Book Review: Harry Potter and the Prisoner of Azkaban

Hello dear readers. We continue our journey into the wizarding world with the third book in the Harry Potter franchise.

If you’ve missed the first two books in the series that I reviewed, then check them out here.

Harry Potter’s third year at Hogwarts is full of new dangers. A convicted murderer, Sirius Black, has broken out of Azkaban prison, and it seems he’s after Harry. Now Hogwarts is being patrolled by the dementors, the Azkaban guards who are hunting Sirius. But Harry can’t imagine that Sirius or, for that matter, the evil Lord Voldemort could be more frightening than the dementors themselves, who have the terrible power to fill anyone they come across with aching loneliness and despair. Meanwhile, life continues as usual at Hogwarts. A top-of-the-line broom takes Harry’s success at Quidditch, the sport of the Wizarding world, to new heights. A cute fourth-year student catches his eye.
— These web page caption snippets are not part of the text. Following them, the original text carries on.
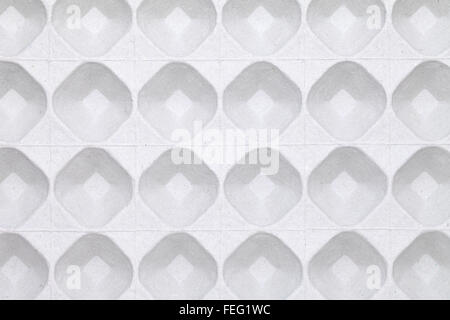 Empty egg package background, paper box top view Stock Photo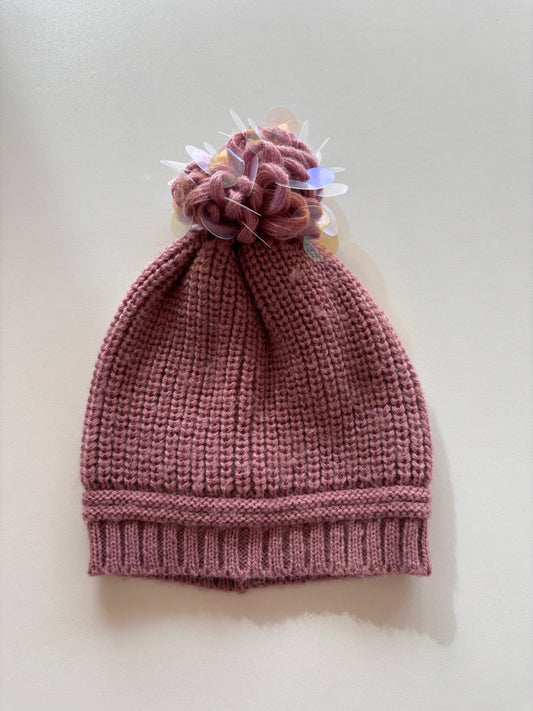 Knit Mauve Toque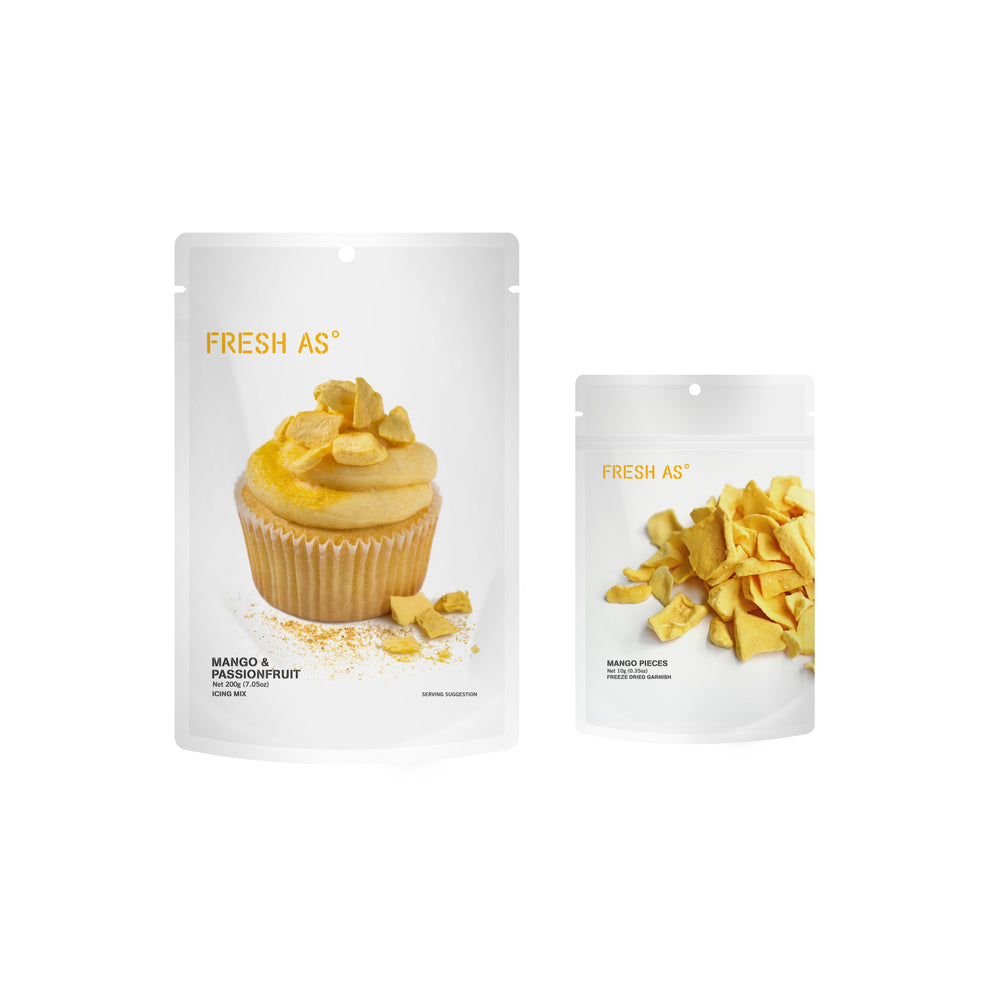 Mango Passionfruit Icing Mix and Garnish bundle
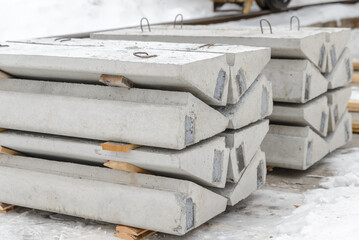 Reinforced concrete steps for the construction of stairs in residential and industrial buildings.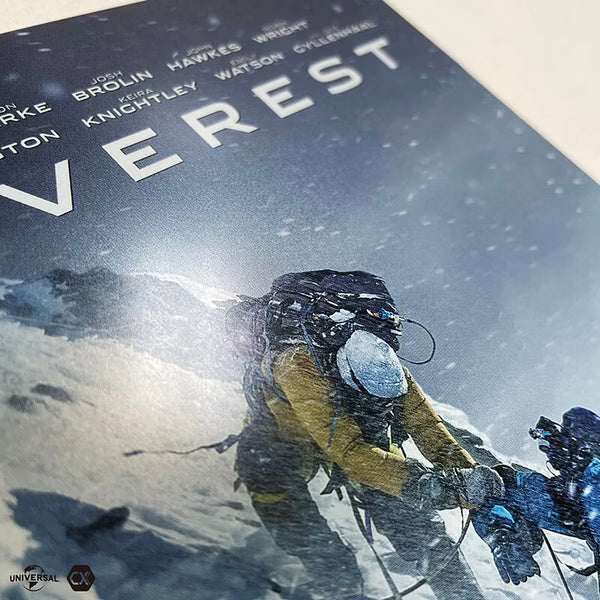 Everest Blu-Ray limited edition steelbook with full slip cover and extras showing climbers on snowy mountain ascent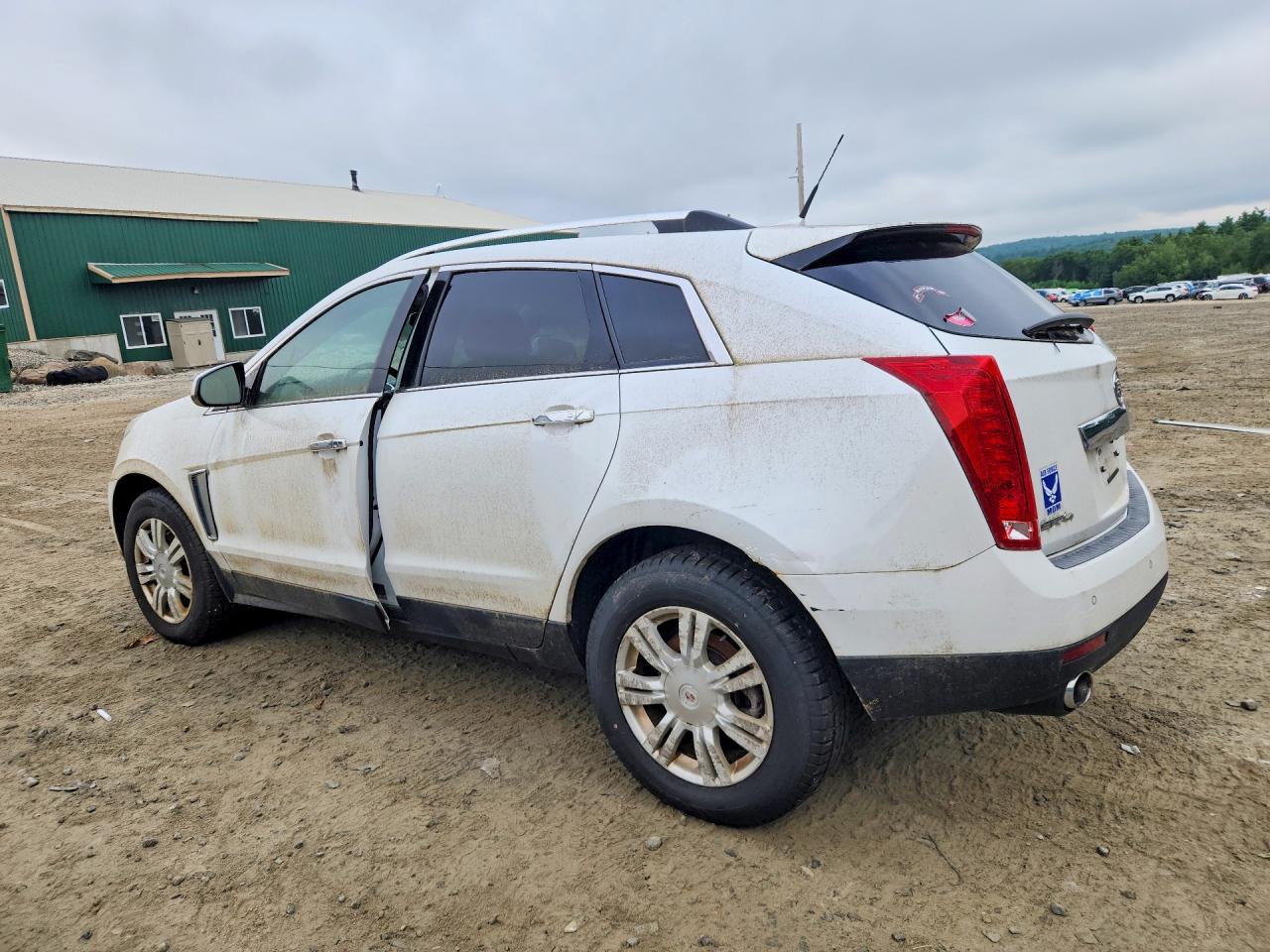 2013 Cadillac Srx White vin: 3GYFNGE30DS569933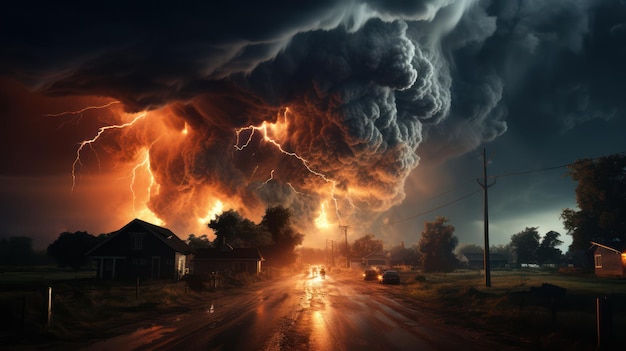 Wielka burza tornado, klęska żywiołowa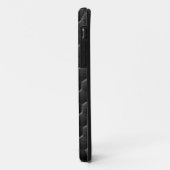 Schwarze Bienenwabe Case-Mate iPhone Hülle (Hinten/Links)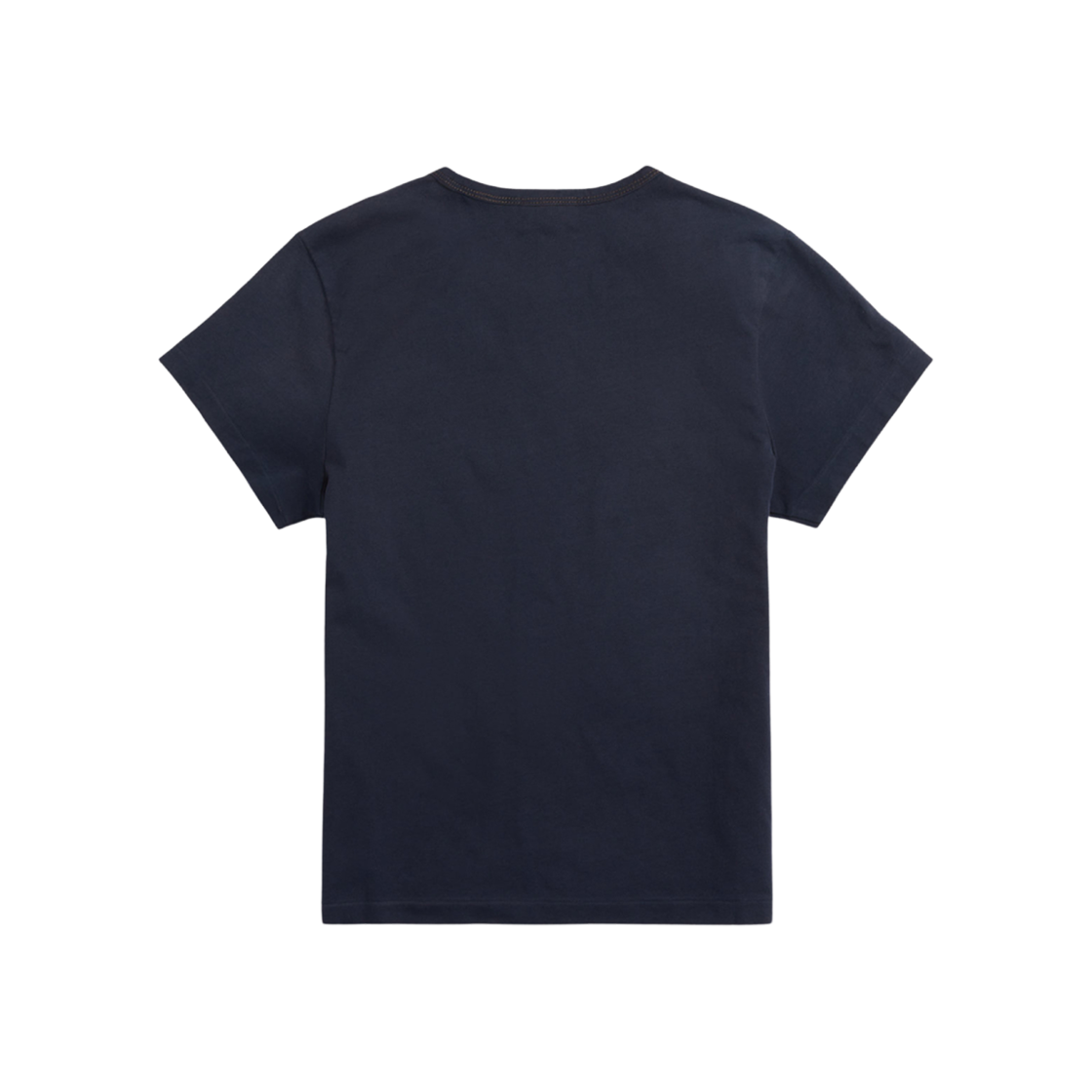 (W)  더블알엘 로고 코튼 저지 티셔츠 네이비 화이트((W) Double RL Logo Cotton Jersey T-Shirt Navy White) - 2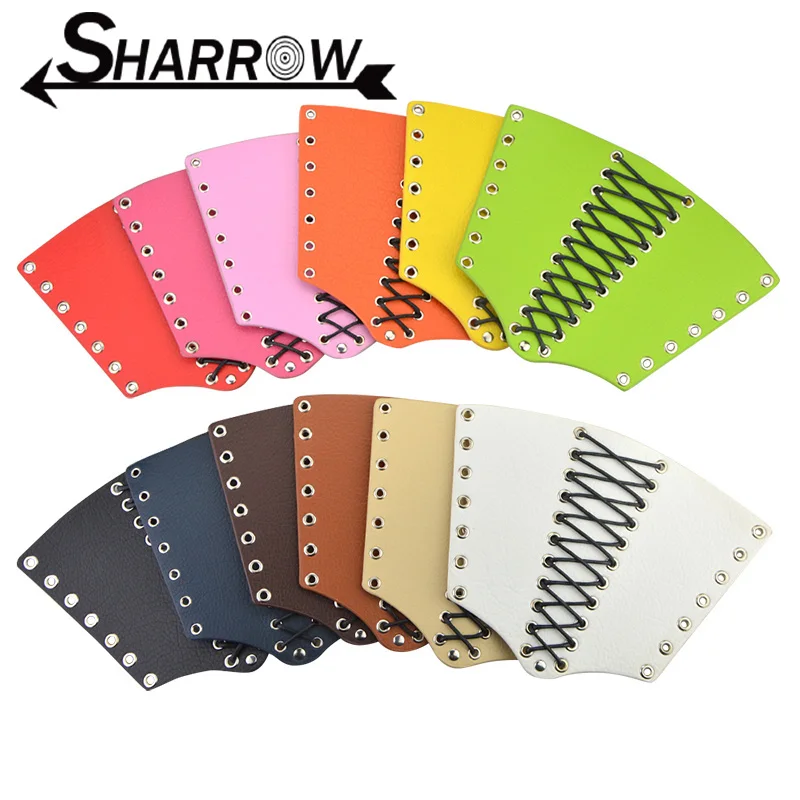 

Archery Arm Guard Self-Adjustable PU Leather Wide Bracer Lace-Up Arm Armor for Shooting Traditional Protector Accessories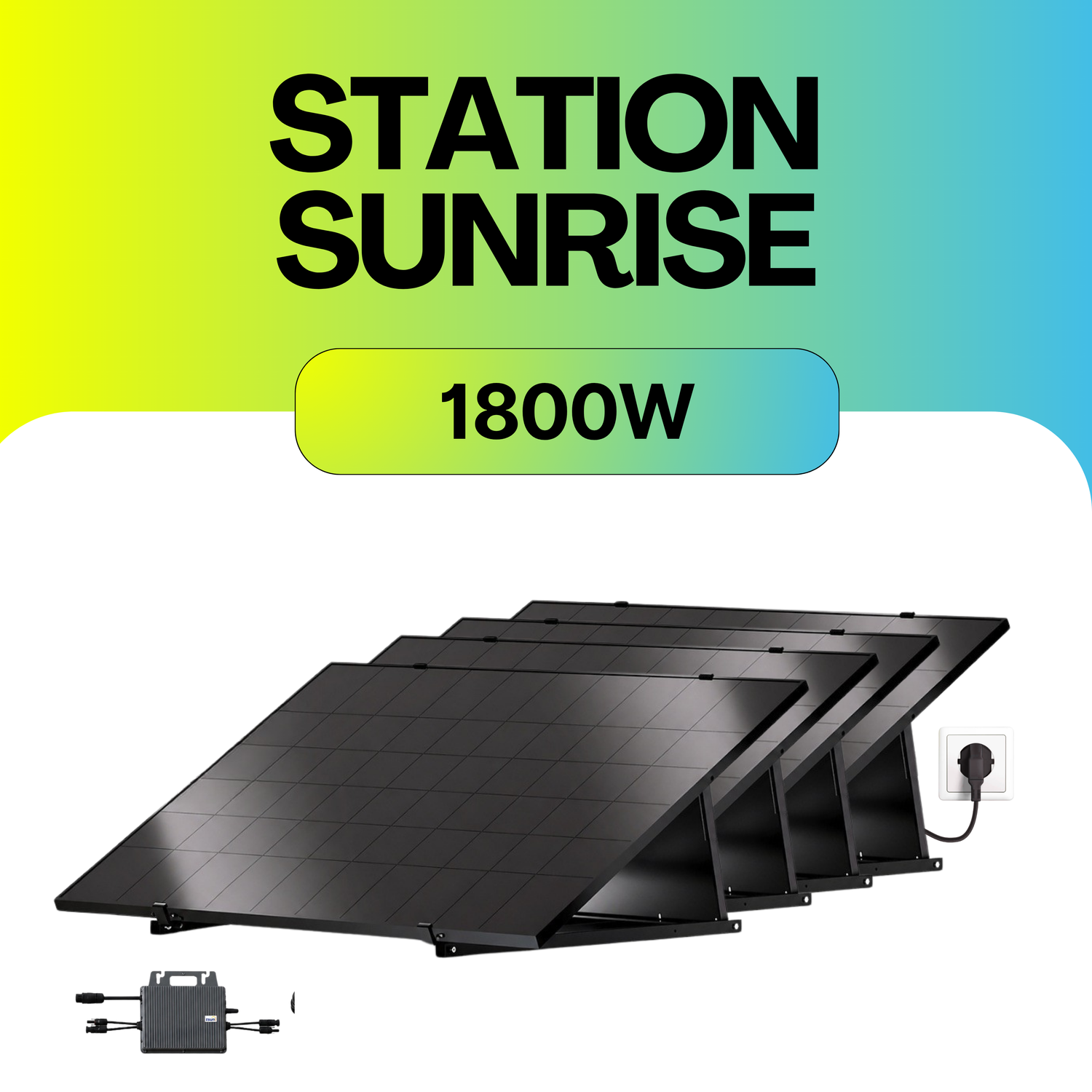 Station solaire SunRise 1800W du Pack Autonomie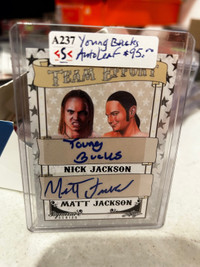 Young Bucks Matt Nick Jackson AEW WWE WWF Leaf Auto Booth 264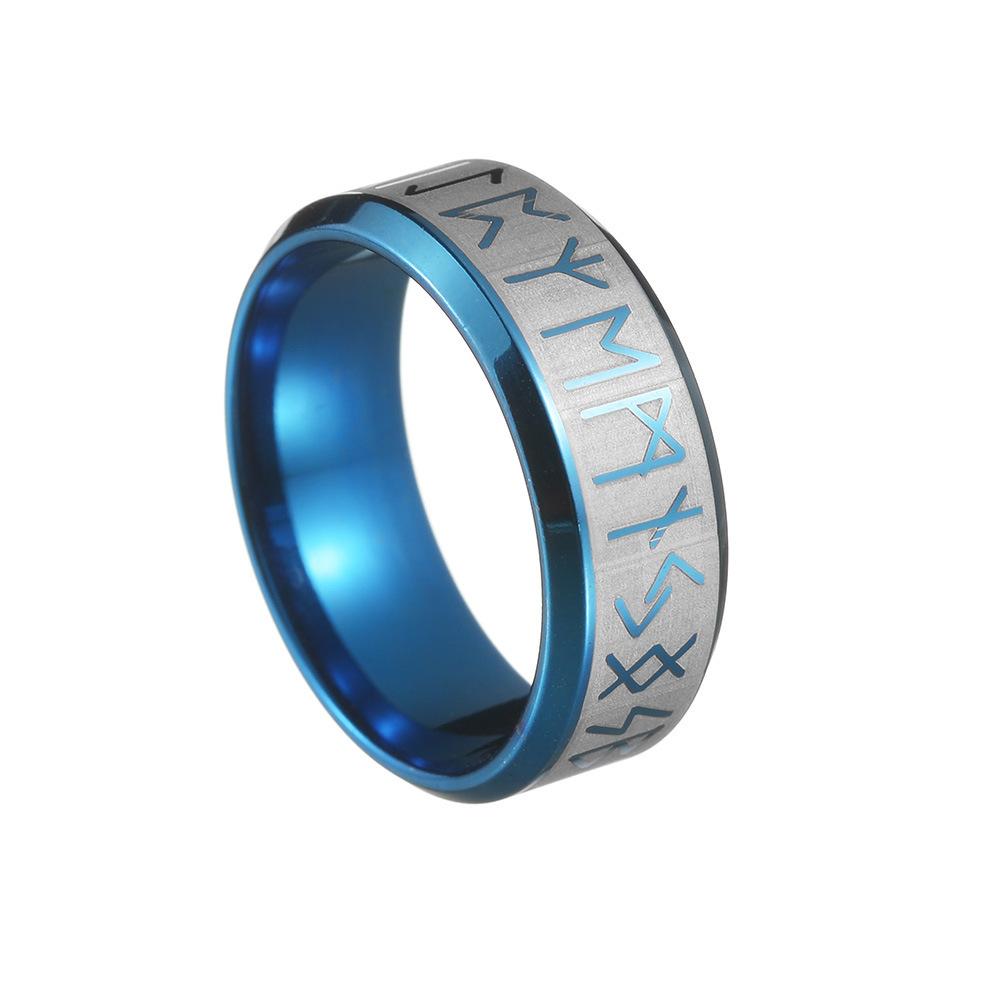 Norse Mythology Viking Rune Men's Ring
And he becomes close with the new Defense of the Dark Arts teacher, who was a childhood friend of his father. Yet despite the relative safety of life at Hogwarts and the best efforts of the dementors, the threat of Sirius Black grows ever closer. But if Harry has learned anything from his education in wizardry, it is that things are often not what they seem. Tragic revelations, heartwarming surprises, and high-stakes magical adventures await the boy wizard in this funny and poignant third installment of the beloved series.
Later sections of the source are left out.